= Work item =
Copy exactly. Include the line containing "Cachorro ra a", every line after it, and the last line below, but no pictures.

+ + + + +

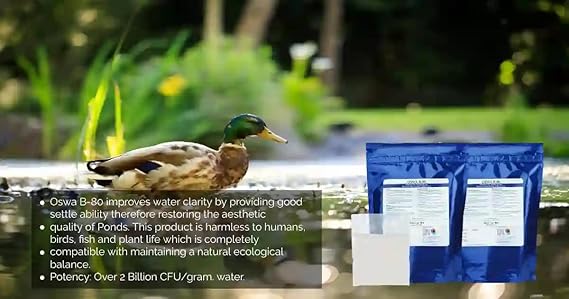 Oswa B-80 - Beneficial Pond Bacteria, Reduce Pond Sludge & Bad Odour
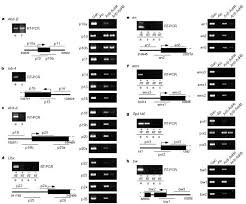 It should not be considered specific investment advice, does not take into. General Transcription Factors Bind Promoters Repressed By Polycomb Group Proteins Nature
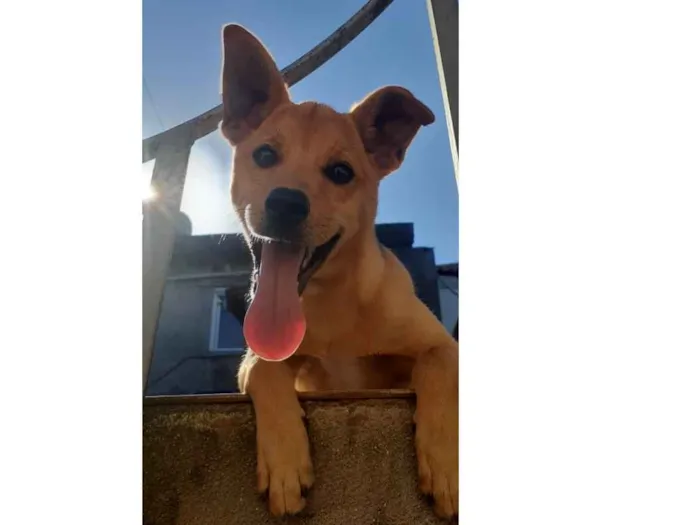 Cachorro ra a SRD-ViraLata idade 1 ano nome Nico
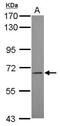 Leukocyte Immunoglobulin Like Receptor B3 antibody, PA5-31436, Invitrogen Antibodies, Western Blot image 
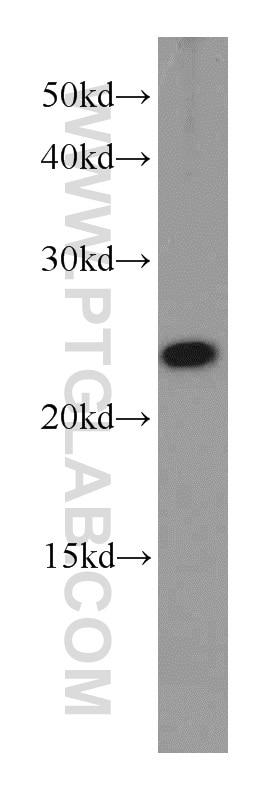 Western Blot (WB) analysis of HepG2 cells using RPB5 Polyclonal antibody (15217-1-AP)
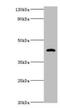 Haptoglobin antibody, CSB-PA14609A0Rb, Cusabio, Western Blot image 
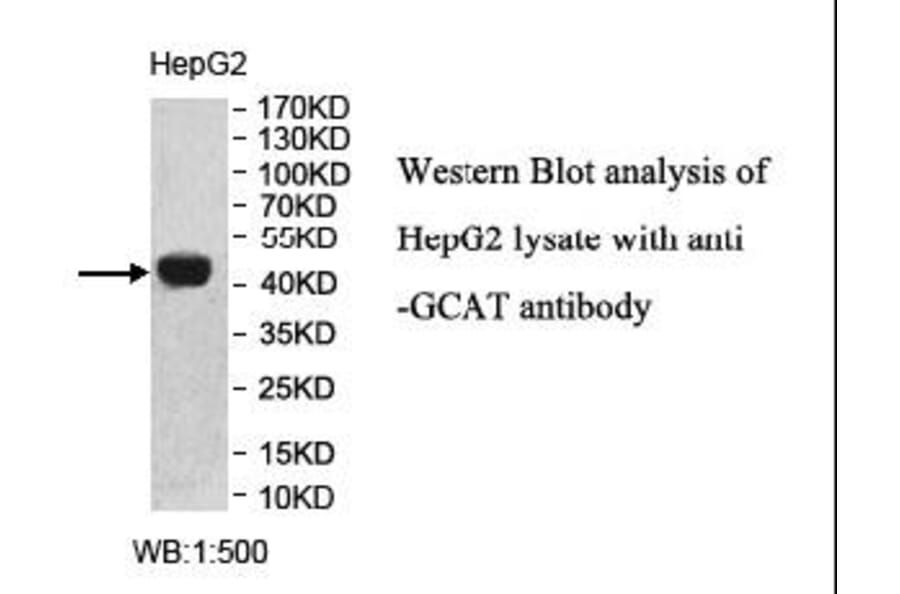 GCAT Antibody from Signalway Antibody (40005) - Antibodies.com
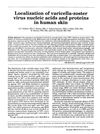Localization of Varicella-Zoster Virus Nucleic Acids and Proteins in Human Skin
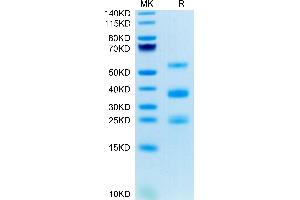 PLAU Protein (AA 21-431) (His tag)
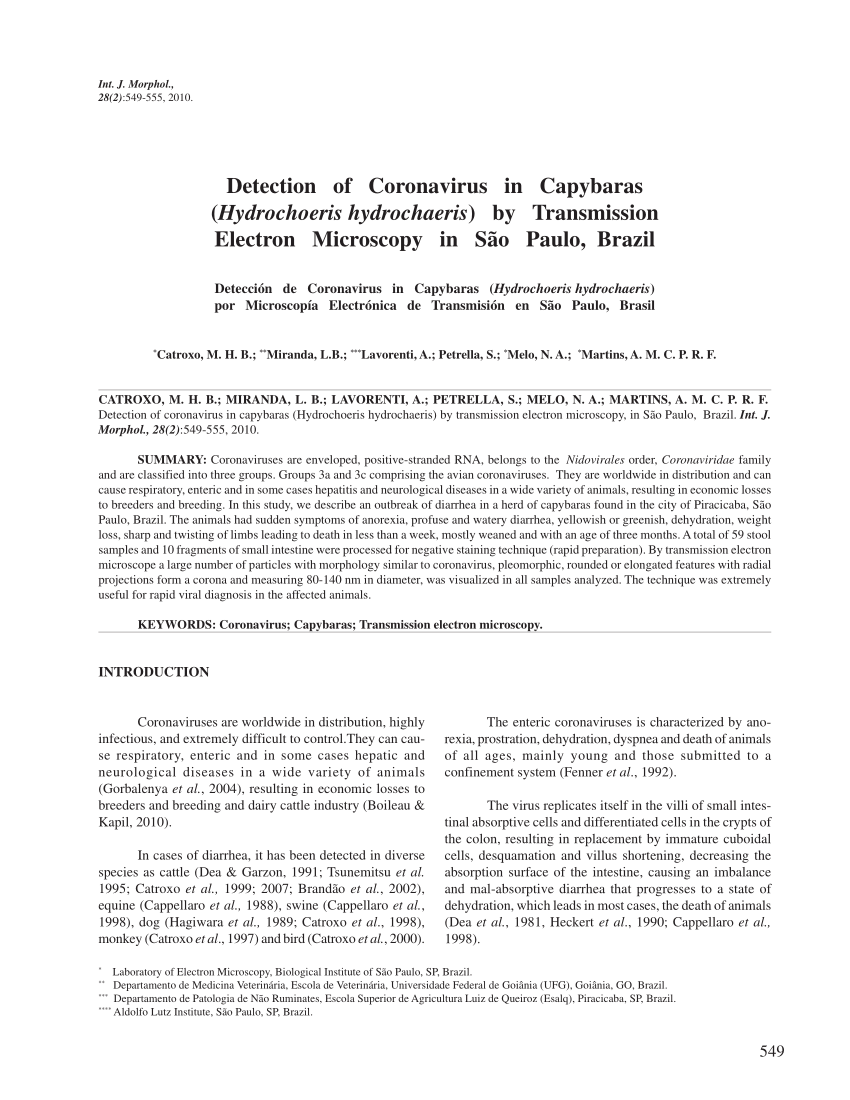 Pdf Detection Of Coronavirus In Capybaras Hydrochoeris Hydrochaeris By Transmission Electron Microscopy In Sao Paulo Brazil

+ + + + +

= Solution =
 Cachorro ra a SRD-ViraLata idade 1 ano nome Nico
 Leukocyte Immunoglobulin Like Receptor B3 antibody, PA5-31436, Invitrogen Antibodies, Western Blot image 
 Western Blot (WB) analysis of HepG2 cells using RPB5 Polyclonal antibody (15217-1-AP)
 Haptoglobin antibody, CSB-PA14609A0Rb, Cusabio, Western Blot image 
 GCAT Antibody from Signalway Antibody (40005) - Antibodies.com
Localization of Varicella-Zoster Virus Nucleic Acids and Proteins in Human Skin
 PLAU Protein (AA 21-431) (His tag)
 Pdf Detection Of Coronavirus In Capybaras Hydrochoeris Hydrochaeris By Transmission Electron Microscopy In Sao Paulo Brazil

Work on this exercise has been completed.